Future Infrastructure Plans Key to Future of Grand Strand Hospitality and Tourism Industry
Posted on: March 16, 2014
Recently debate has been stirring in Columbia about the current recommendations on a major change in the South Carolina government structure, often referred to as the “Administration Bill.” This effort, supported by Gov. Nikki Haley, would make a number of changes that ultimately give more power/control to the executive branch. One of the provisions in the governor’s Administration Bill would essentially eliminate the SCDOT commission and transfer the power to decide funding priorities for roads/highways/bridges/etc. to the governor’s office.
So why should the Grand Strand and the hospitality industry be concerned? Historically the Grand Strand and Pee Dee regions have collectively been left holding the bag when it comes to current and future infrastructure needs while other areas of the state continue to bask in building, updating and upgrading their overall infrastructure at the expense of our community.
The future of Hospitality and Tourism, the lifeblood of our community and the number one industry in the state of South Carolina, depends on growing our infrastructure while bringing new dollars into our collective community through new visitors to the area. We need, and frankly must have, I-73 and other infrastructure investments in our region to enhance our tourism base, diversify our economy and open up sectors of economic development and job growth.
While we appreciate the current administration and the Legislatures’ effort to look at more effective management of state government, the current plan to eliminate the SCDOT commission and all of its hard work would make the infrastructure plan for our state largely a political football that could shift-and-change at the whim of any administration. At best, our state’s infrastructure long-term plan would last no more than the 4-year term of any future governor. Whether or not you agree with giving the governor’s office more power is one thing, but eliminating the SCDOT commission without a viable plan to advance South Carolina’s transportation infrastructure needs would severely impede the future growth of the $6.5 billion dollar Grand Strand tourism economy.

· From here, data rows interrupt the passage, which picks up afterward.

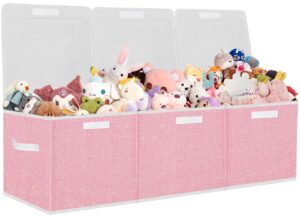 pantryily extra large toy storage box, stackable storage bins with lids, detachable toys boxes chest organizer,collapsible bins with sturdy handles for girls(pink)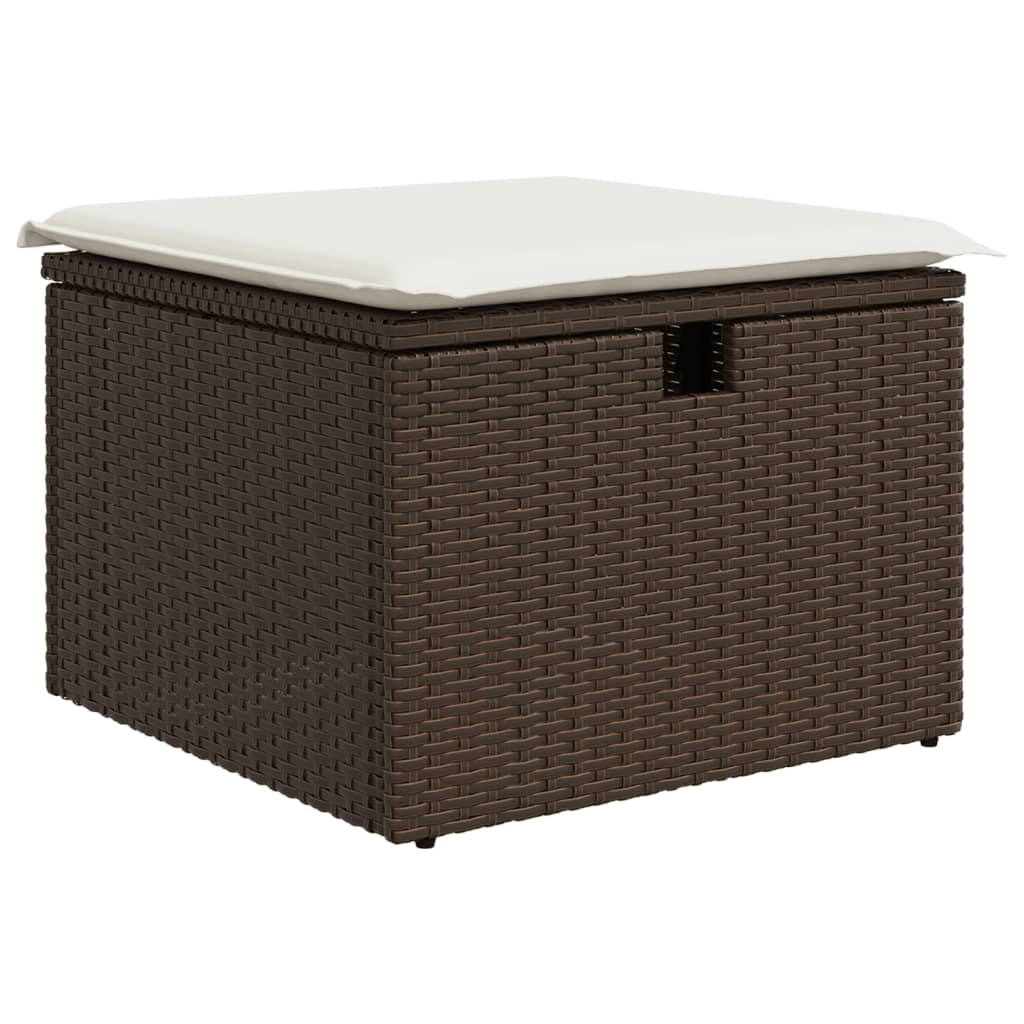 haveskammel med hynde 55x55x37 cm polyrattan brun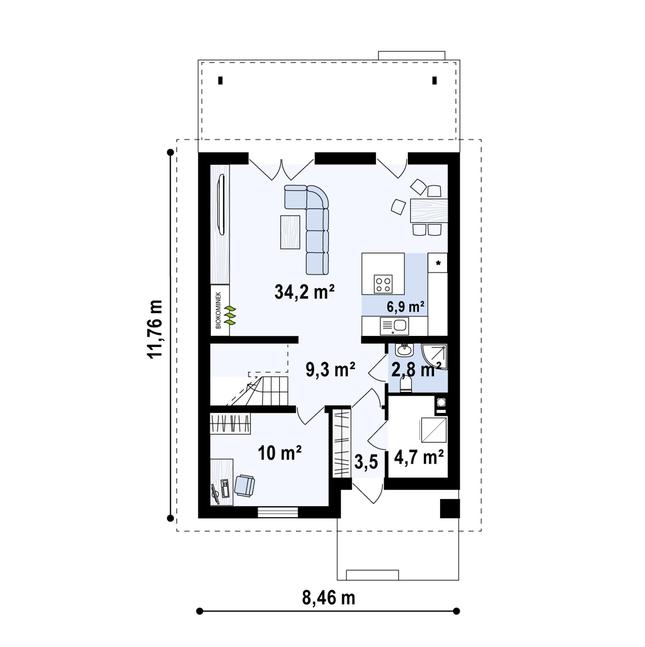 Rzut parteru POW. 71,7 m²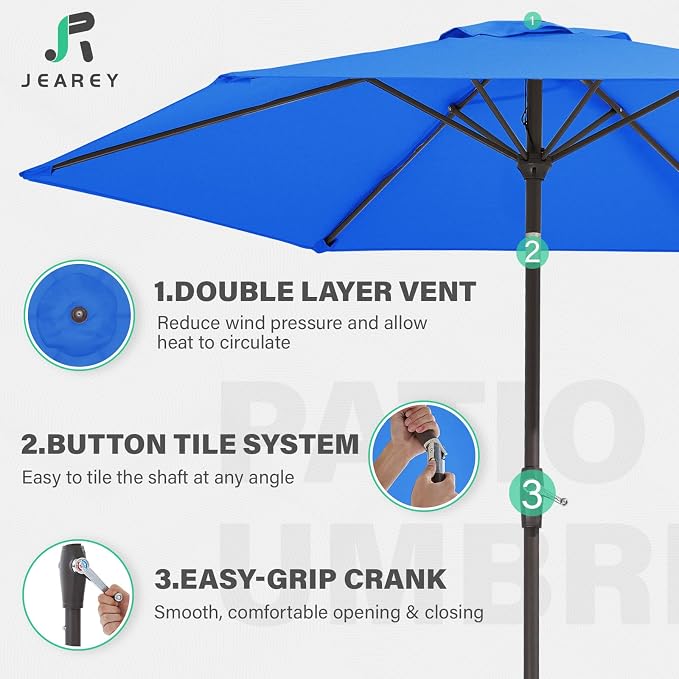 JEAREY 7.5FT Patio Umbrella Outdoor Market Umbrella - Image 5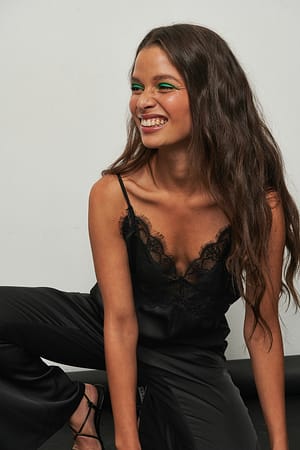 Black NA-KD Party Cross Lace Singlet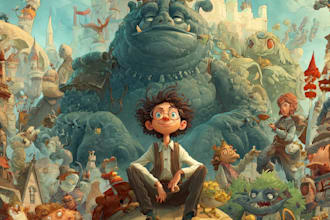 design a creative childrens book cover illustration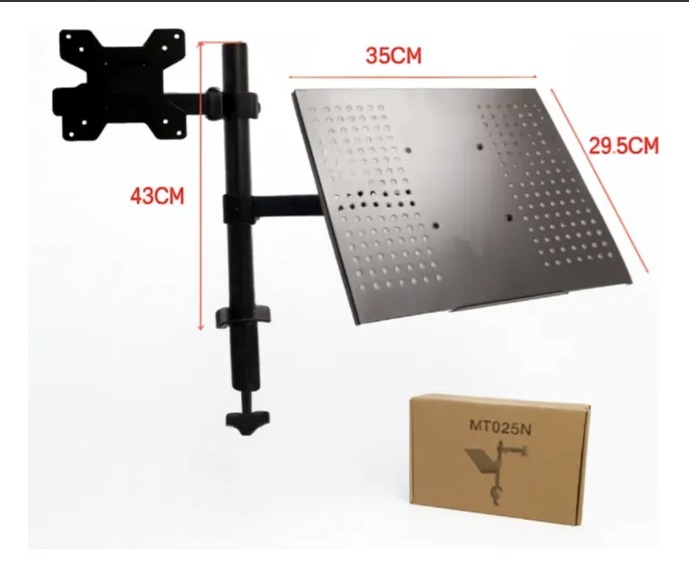 Soporte Ergonómico MT025N 2 en 1: Para Monitor + Laptop/Notebook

A great example of what could come if the commission is eliminated is a separate bill that has already passed a House committee that would require every DOT expenditure of $20 million or more to pass the House. This would start a trend that would make transportation funding far more political than it currently is today. That’s bad news for areas like the Grand Strand where we will always be challenged to amass the votes we need to make our needs Columbia’s priorities. We sincerely appreciate the recognition by the administration and our legislators’ that tourism growth is a key reason the future economic prosperity of South Carolina looks bright. Let’s not take a step back and risk all of our futures by politicizing our infrastructure needs.